Definition:Quaternion
Definition
A quaternion is a number in the form:
- $a \mathbf 1 + b \mathbf i + c \mathbf j + d \mathbf k$
where:
- $a, b, c, d$ are real numbers
- $\mathbf 1, \mathbf i, \mathbf j, \mathbf k$ are entities related to each other in the following way:
\(\ds \mathbf i \mathbf j\) | \(=\) | \(\, \ds -\mathbf j \mathbf i \, \) | \(\, \ds = \, \) | \(\ds \mathbf k\) | ||||||||||
\(\ds \mathbf j \mathbf k\) | \(=\) | \(\, \ds -\mathbf k \mathbf j \, \) | \(\, \ds = \, \) | \(\ds \mathbf i\) | ||||||||||
\(\ds \mathbf k \mathbf i\) | \(=\) | \(\, \ds -\mathbf i \mathbf k \, \) | \(\, \ds = \, \) | \(\ds \mathbf j\) | ||||||||||
\(\ds \mathbf i^2 = \mathbf j^2 = \mathbf k^2\) | \(=\) | \(\, \ds \mathbf i \mathbf j \mathbf k \, \) | \(\, \ds = \, \) | \(\ds -\mathbf 1\) |
The set of all quaternions is usually denoted $\H$.
Quaternion Addition
The sum of two quaternions $\mathbf x_1 = a_1 \mathbf 1 + b_1 \mathbf i + c_1 \mathbf j + d_1 \mathbf k$ and $\mathbf x_2 = a_2 \mathbf 1 + b_2 \mathbf i + c_2 \mathbf j + d_2 \mathbf k$ is defined as:
- $\mathbf x_1 + \mathbf x_2 := \paren {a_1 + a_2} \mathbf 1 + \paren {b_1 + b_2} \mathbf i + \paren {c_1 + c_2} \mathbf j + \paren {d_1 + d_2} \mathbf k$
Quaternion Multiplication
The product of two quaternions $\mathbf x_1 = a_1 \mathbf 1 + b_1 \mathbf i + c_1 \mathbf j + d_1 \mathbf k$ and $\mathbf x_2 = a_2 \mathbf 1 + b_2 \mathbf i + c_2 \mathbf j + d_2 \mathbf k$ is defined as:
\(\ds \mathbf x_1 \mathbf x_2\) | \(:=\) | \(\ds \paren {a_1 a_2 - b_1 b_2 - c_1 c_2 - d_1 d_2} \mathbf 1\) | ||||||||||||
\(\ds \) | \(\) | \(\, \ds + \, \) | \(\ds \paren {a_1 b_2 + b_1 a_2 + c_1 d_2 - d_1 c_2} \mathbf i\) | |||||||||||
\(\ds \) | \(\) | \(\, \ds + \, \) | \(\ds \paren {a_1 c_2 - b_1 d_2 + c_1 a_2 + d_1 b_2} \mathbf j\) | |||||||||||
\(\ds \) | \(\) | \(\, \ds + \, \) | \(\ds \paren {a_1 d_2 + b_1 c_2 - c_1 b_2 + d_1 a_2} \mathbf k\) |
Construction from Complex Pairs
A quaternion can be defined as an ordered pair $\left({x, y}\right)$ where $x, y \in \C$ are complex numbers, on which the operations of addition and multiplication are defined as follows:
Quaternion Addition of Complex Pairs
Let $x_1, x_2, y_1, y_2$ be complex numbers.

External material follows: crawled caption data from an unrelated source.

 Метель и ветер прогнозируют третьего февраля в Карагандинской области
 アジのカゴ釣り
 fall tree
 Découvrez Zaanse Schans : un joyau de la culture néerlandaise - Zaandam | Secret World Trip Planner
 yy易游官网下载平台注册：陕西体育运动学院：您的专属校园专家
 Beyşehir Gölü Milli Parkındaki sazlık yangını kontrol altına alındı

Then $\tuple {x_1, y_1} + \tuple {x_2, y_2}$ is defined as:
- $\tuple {x_1, y_1} + \tuple {x_2, y_2} := \tuple {x_1 + x_2, y_1 + y_2}$
Quaternion Multiplication of Complex Pairs
Let $x_1, x_2, y_1, y_2$ be complex numbers.

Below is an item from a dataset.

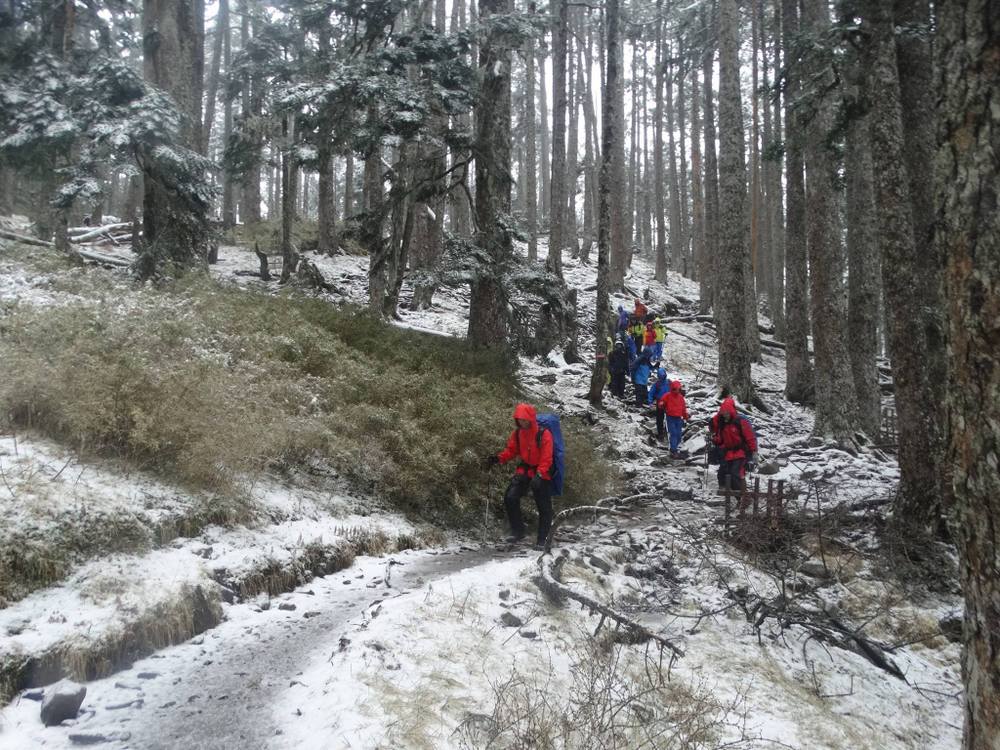 雪東線黑森林步道積雪情形（雪霸處志工楊育瑛提供）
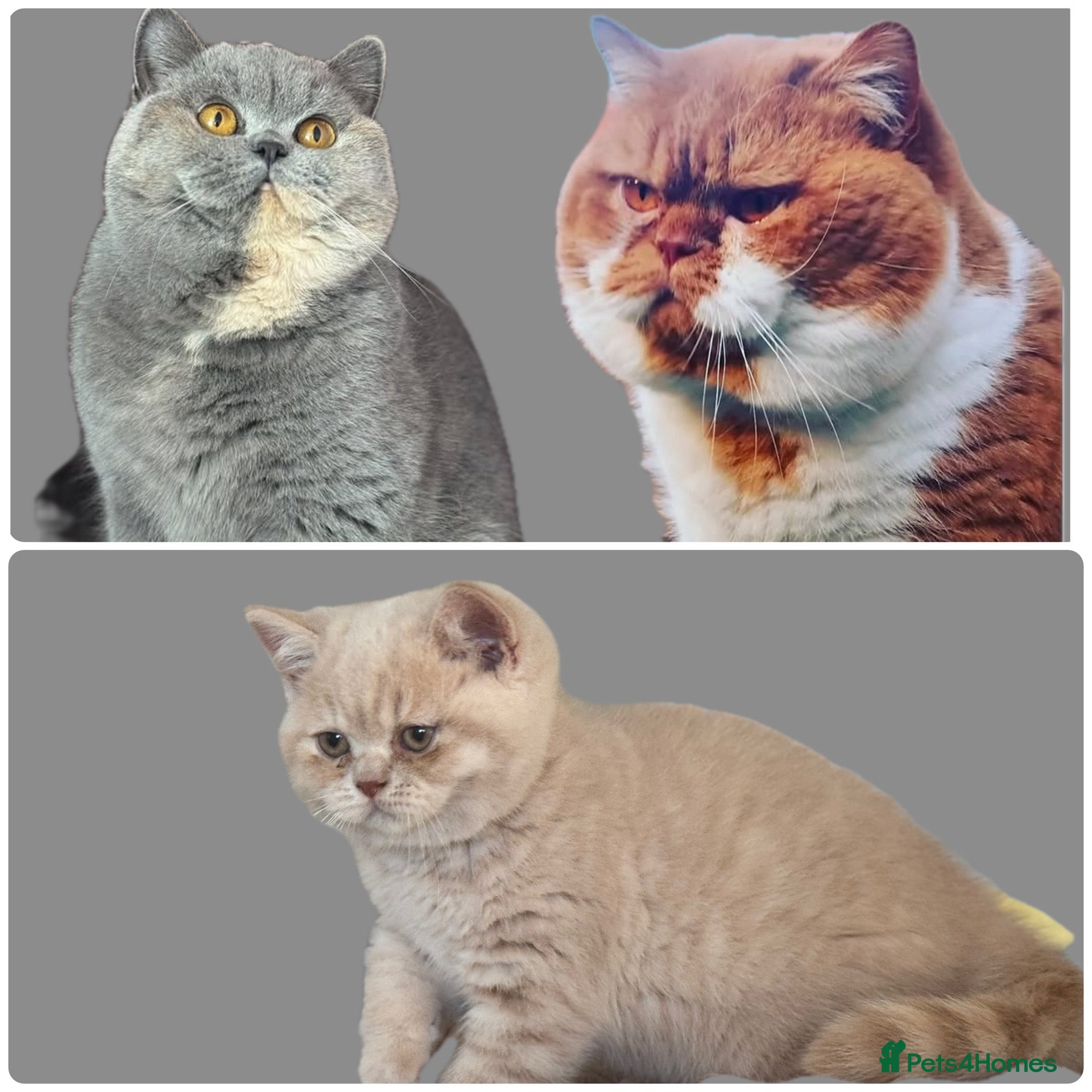 British Shorthair cats TICA CH Parents beautiful cream kitten male . - Advert 16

Then $\tuple {x_1, y_1} \tuple {x_2, y_2}$ is defined as:
- $\tuple {x_1, y_1} \tuple {x_2, y_2} := \tuple {x_1 x_2 - y_2 \overline {y_1}, \overline {x_1} y_2 + y_1 x_2}$
where $\overline {x_1}$ and $\overline {y_1}$ are the complex conjugates of $x_1$ and $y_1$ respectively.
Construction from Cayley-Dickson Construction
The set of quaternions $\Bbb H$ can be defined by the Cayley-Dickson construction from the set of complex numbers $\C$.

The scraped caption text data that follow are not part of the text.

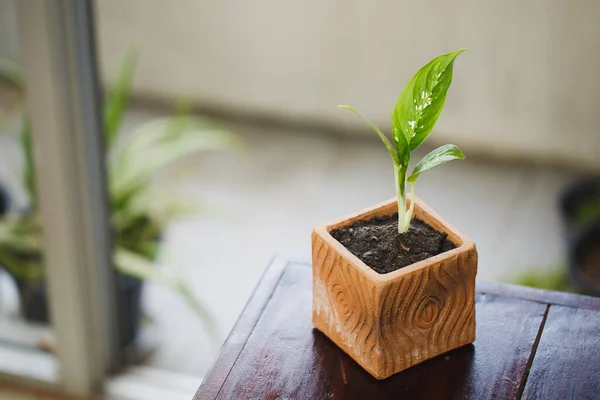Little Dieffenbachia Growth Beautifully Pot — Stock Photo, Image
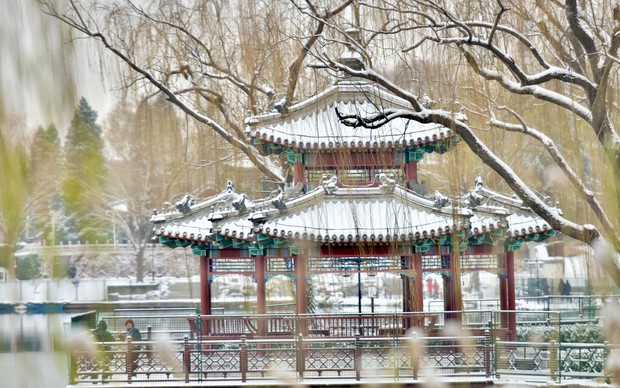 Trung Quốc: Tuyết đầu mùa bao phủ tạo nên cảnh tượng đẹp đến nao lòng tại Tử Cấm Thành - Ảnh 10.
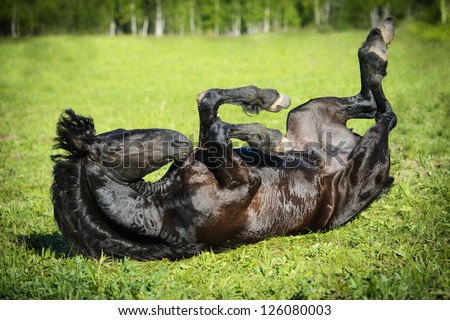 Black Friesian horse rolls on the grass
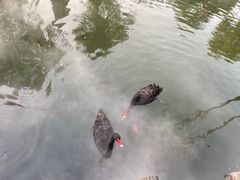 -天毓山庄·餐厅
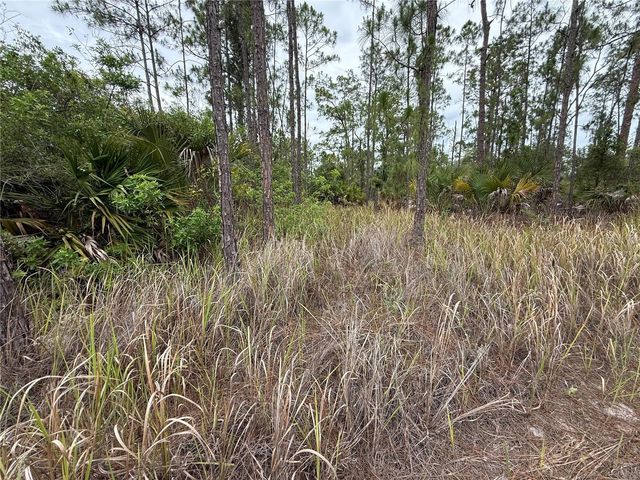 1106 W 13TH STREET, Lehigh Acres, FL 33972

From Complex Numbers form Algebra, $\C$ forms a nicely normed $*$-algebra.
Let $a, b \in \C$.
Then $\tuple {a, b} \in \Bbb H$, where:
- $\tuple {a, b} \tuple {c, d} = \tuple {a c - d \overline b, \overline a d + c b}$
- $\overline {\tuple {a, b} } = \tuple {\overline a, -b}$
where:
- $\overline a$ is the complex conjugate of $a$
and
- $\overline {\tuple {a, b} }$ is the conjugation operation on $\Bbb H$.
It is clear by direct comparison with the Construction from Complex Pairs that this construction genuinely does generate the Quaternions.
Quaternion Algebra over a Field
An algebra of quaternions can be defined over any field as follows:
Let $\mathbb K$ be a field, and $a$, $b \in \mathbb K$.
Define the quaternion algebra $\left\langle{ a,b }\right\rangle_\mathbb K$ to be the $\mathbb K$-vector space with basis $\{1, i, j, k\}$ subject to:
- $i^2 = a$
- $j^2 = b$
- $ij = k = -ji$
Formally this could be achieved as a multiplicative presentation of a suitable group, or as a linear subspace of a finite extension of $\mathbb K$.
Taking $\mathbb K = \R$ and $a = b = -1$ we see that this generalises Hamilton's quaternions.
Also denoted as
Some sources use $V$ for the set of quaternions $\H$.
Some sources develop a more abstract presentation for this structure, and use symbols such as $\lambda_0$, $\lambda_1$, $\lambda_2$ and $\lambda_3$ instead of $\mathbf 1$, $\mathbf i$, $\mathbf j$ and $\mathbf k$.
Also see
- Ring of Quaternions is Ring, where it is shown that $\H$ forms a ring under the operations of conventional matrix addition and matrix multiplication.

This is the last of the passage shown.